Sicher ist es von naturwissenschaftlichem Interesse, bestimmte Maßnahmen unter gleichen (sogenannten ceteris paribus) Bedingungen zu prüfen. So kann z.B. untersucht werden, wie sich eine ökologische und eine konventionelle Düngung (bzw. Anbau) unter gleichen Bedingungen (Sorte, Boden und Klima usw.) an einem Standort auf den Gehalt an sekundären Pflanzenstoffen auswirkt. Aber was hat der Kunde davon, wenn sich eventuell (!! … natürlich wäre ein Hinweis des BÖLW interessant gewesen, welche „europaweit angelegten Vergleichsstudien“ er denn meint) auf einem Standort die sekundären Pflanzenstoffe bei ökologischer und konventioneller Produktion unterscheiden, da doch grundsätzlich die Produkte seines Einkauf von verschiedenen Standorten kommen – und daher sich hinsichtlich der sekundären Pflanzenstoffe nicht unterscheiden. In dieser spitzfindigen Argumentation des BÖLW liegt für den Kunden also kein Vorteil und keine Motivation für einen Kauf von Bioprodukten (s. Zu geringe Wertschätzung für Ökoprodukte I). Daher wird er Gemüse aus ökologischem Anbau weiter liegen lassen (s. Zu geringe Wertschätzung für Ökoprodukte II).

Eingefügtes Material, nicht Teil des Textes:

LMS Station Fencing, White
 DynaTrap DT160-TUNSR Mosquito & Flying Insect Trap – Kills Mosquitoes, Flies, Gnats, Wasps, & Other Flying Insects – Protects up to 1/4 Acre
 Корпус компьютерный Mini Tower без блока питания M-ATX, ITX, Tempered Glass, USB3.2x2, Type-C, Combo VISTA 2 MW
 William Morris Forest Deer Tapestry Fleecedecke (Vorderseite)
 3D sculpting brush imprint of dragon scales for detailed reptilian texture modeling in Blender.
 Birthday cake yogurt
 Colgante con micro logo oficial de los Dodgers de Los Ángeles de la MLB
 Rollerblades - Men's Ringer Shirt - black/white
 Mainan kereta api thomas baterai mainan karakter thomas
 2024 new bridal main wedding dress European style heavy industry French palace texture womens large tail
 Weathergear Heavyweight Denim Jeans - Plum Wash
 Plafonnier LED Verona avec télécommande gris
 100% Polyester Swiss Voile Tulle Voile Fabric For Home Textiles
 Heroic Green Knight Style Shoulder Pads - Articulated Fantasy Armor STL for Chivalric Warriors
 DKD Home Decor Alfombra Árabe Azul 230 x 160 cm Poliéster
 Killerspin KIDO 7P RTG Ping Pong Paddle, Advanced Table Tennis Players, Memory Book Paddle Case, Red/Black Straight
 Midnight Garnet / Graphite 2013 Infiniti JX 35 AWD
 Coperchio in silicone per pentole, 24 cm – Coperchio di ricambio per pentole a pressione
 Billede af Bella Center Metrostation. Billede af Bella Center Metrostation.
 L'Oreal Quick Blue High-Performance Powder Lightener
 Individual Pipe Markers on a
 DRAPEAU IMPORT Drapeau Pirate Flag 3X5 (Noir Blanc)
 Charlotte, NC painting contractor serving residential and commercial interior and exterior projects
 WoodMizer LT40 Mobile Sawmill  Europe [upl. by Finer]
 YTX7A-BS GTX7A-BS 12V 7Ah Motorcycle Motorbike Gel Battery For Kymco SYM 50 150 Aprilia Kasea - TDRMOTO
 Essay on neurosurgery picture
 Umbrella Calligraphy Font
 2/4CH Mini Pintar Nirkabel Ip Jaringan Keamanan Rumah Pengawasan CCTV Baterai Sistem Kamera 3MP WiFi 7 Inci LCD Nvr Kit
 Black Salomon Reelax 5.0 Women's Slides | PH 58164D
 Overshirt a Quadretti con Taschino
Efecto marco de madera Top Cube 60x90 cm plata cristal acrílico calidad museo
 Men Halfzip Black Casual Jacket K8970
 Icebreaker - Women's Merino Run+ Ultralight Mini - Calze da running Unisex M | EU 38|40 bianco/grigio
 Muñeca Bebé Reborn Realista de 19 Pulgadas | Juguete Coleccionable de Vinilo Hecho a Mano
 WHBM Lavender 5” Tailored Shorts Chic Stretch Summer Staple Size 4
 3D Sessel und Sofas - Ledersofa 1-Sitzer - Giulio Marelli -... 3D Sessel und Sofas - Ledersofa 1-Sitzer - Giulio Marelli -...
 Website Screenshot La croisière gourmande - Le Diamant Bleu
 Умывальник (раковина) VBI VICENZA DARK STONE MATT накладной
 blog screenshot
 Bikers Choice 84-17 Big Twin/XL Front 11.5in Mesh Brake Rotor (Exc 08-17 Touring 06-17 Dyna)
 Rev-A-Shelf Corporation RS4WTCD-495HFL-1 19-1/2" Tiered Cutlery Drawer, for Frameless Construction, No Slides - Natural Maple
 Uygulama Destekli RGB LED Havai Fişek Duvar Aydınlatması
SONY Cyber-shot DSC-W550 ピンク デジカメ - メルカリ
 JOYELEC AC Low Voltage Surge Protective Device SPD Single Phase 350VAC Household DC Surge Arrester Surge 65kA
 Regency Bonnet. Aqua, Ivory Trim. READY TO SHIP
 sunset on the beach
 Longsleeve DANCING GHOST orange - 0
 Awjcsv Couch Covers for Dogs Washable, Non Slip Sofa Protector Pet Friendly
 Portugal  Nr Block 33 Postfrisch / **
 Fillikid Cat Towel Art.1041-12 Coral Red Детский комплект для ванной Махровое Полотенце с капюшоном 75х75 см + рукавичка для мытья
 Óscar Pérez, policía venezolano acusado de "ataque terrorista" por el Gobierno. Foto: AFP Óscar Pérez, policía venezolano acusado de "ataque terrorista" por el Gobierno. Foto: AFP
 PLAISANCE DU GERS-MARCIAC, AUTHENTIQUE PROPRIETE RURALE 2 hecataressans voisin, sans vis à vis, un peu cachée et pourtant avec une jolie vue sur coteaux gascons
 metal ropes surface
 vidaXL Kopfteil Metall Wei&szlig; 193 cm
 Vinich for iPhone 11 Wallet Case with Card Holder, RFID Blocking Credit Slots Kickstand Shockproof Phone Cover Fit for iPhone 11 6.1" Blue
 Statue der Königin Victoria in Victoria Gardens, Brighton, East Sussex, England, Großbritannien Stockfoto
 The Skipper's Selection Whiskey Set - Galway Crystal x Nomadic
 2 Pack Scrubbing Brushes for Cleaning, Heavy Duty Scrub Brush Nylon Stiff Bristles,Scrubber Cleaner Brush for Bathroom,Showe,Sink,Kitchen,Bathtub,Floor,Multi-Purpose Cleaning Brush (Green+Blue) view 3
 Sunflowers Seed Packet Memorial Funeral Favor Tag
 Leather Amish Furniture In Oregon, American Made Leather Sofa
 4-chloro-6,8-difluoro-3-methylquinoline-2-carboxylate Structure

Es ist jedoch eine Tatsache, dass der Ertrag im Ökologischen Landbau (durch das Verbot vor allem der mineralischen Stickstoffdüngung) um gut ein Drittel niedriger liegt als unter konventionellen Anbauverhältnissen. Das unterscheidet Bio (noch) von konventionellen Produkten, und zwar nicht nur auf dem gleichen, sondern auf sehr vielen Standorten (aber die Frage ist: wie lange wird es diesen Unterschied, der bis jetzt Ökoprodukte vor den konventionellen auszeichnete, noch geben?)! Ich habe menschenkundliche Gesichtspunkte dazu bereits vor vielen Jahren in der Schrift „Warum Lebensmittel in Demeter-Qualität?“ dargestellt.
Aber mit diesem Qualitätskriterium muss man natürlich etwas anfangen können. Viele können und wollen das nicht, trauen einer intensivierten, weiteren, vertieften, lebendigeren Ideenbildung nichts zu – was natürlich heißt, dass sie ihrem eigenen Denken nicht mehr zutrauen, als in konventionell-naturwissenschaftlicher Manier die Außenwelt abzubilden und kausal (das heißt stoffbezogen, also materialistisch, nicht ideenbezogen) zu bearbeiten. Ich bezweifele, ob diese Art von Ökoforschung wirklich einen Innovationsmotor für eine zukunftsfähige Landbewirtschaftung darstellt, mag der Forschungsansatz noch so auf „eine nachhaltige Landwirtschaft“, „multisysytemar“, „transdiziplinär“ und „systemisch“ ausgerichtet sein.
Die Argumentation des BÖLW und der Naturkost-Zeitschrift Schrot & Korn jedenfalls zeigt, dass diese Vorgehens- und Denkweise, die vom Ökolandbau vollständig adaptiert worden ist, in Widersprüche und kraftlose Argumente hineinführt, die die Entwicklung des Ökologischen Landbau lähmen und diesen immer weiter konventionalisieren werden.